「ライフライン」設置を ロープ高所作業の危険防止 安衛則改正で労政審答申
厚生労働省労働政策審議会(樋口美雄会長)はこのほど、厚生労働大臣に対し、「労働安全衛生規則の一部を改正する省令案要綱」について「妥当である」と答申した。「ロープ高所作業」の危険防止規定を新たに設けるもので、安全帯を取り付けるための「ライフライン」の設置などとともに特別教育の実施が義務付けられる。
「ロープ高所作業」とは、高さが2メートル以上の箇所であって作業床を設けることが困難なところで、いわゆるブランコなどの昇降器具を用いて、労働者がその器具により身体を保持しつつ行う作業をいう。省令案では、ビルの外装清掃やのり面保護工事などを行う「ロープ高所作業」での危険防止規定を新設し、身体保持器具を取り付けるための「メインロープ」以外に、安全帯を取り付けるための「ライフライン」の設置や作業場所の調査・記録、作業計画の作成、作業指揮者の選任などを義務化している。
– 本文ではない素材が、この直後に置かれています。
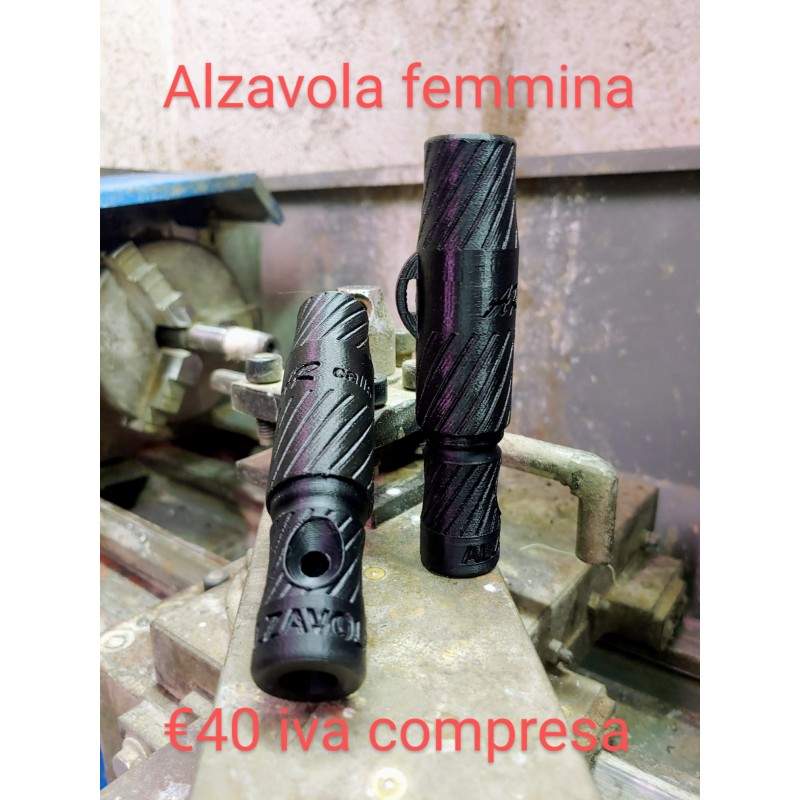 Richiamo AR CALLS Ardesi Alzavola Femmina Richiamo AR CALLS Ardesi Alzavola Femmina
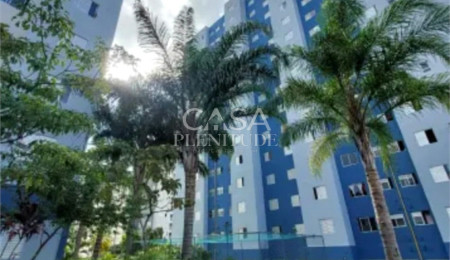 Apartamento à venda com 2 quartos em Parque Campolim, Sorocaba, SP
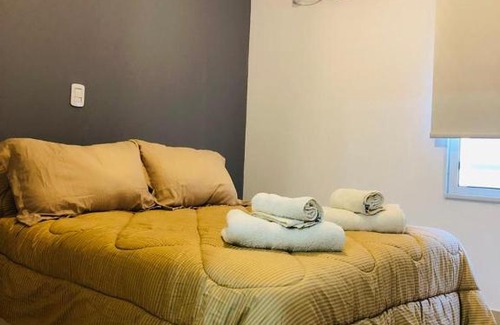 Villa Maria Apartment | Confortable departamento en Villa Maria, excelente ubicación.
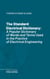 The Standard Electrical Dictionary - A Popular Dictionary of Words and Terms Used in the Practice of Electrical Engineering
また、事業者は同作業従事者に対して特別の教育を行わなければならない。
なお、ビルの外装清掃業務関連またはのり面保護工事関連以外の作業については、必要な墜落防止措置を講じた場合に限り、当分の間はライフラインの設置義務を課さない。
施行予定日は平成28年1月1日。特別教育については同年7月1日としている。
ロープ高所作業における労働災害の発生状況をみると、過去6年間(平成21~26年)の死亡者数は24人で、そのほとんどが墜落・転落によるもの。業種別では、ビルメンテナンス業が13人、建設業が11人となっている。
とくに目立つのは、「作業中に支持物(緊結元)からロープが外れ(ほどけ)墜落」で、「作業中にロープが切れて墜落」や「支持物ごと墜落」も少なくない。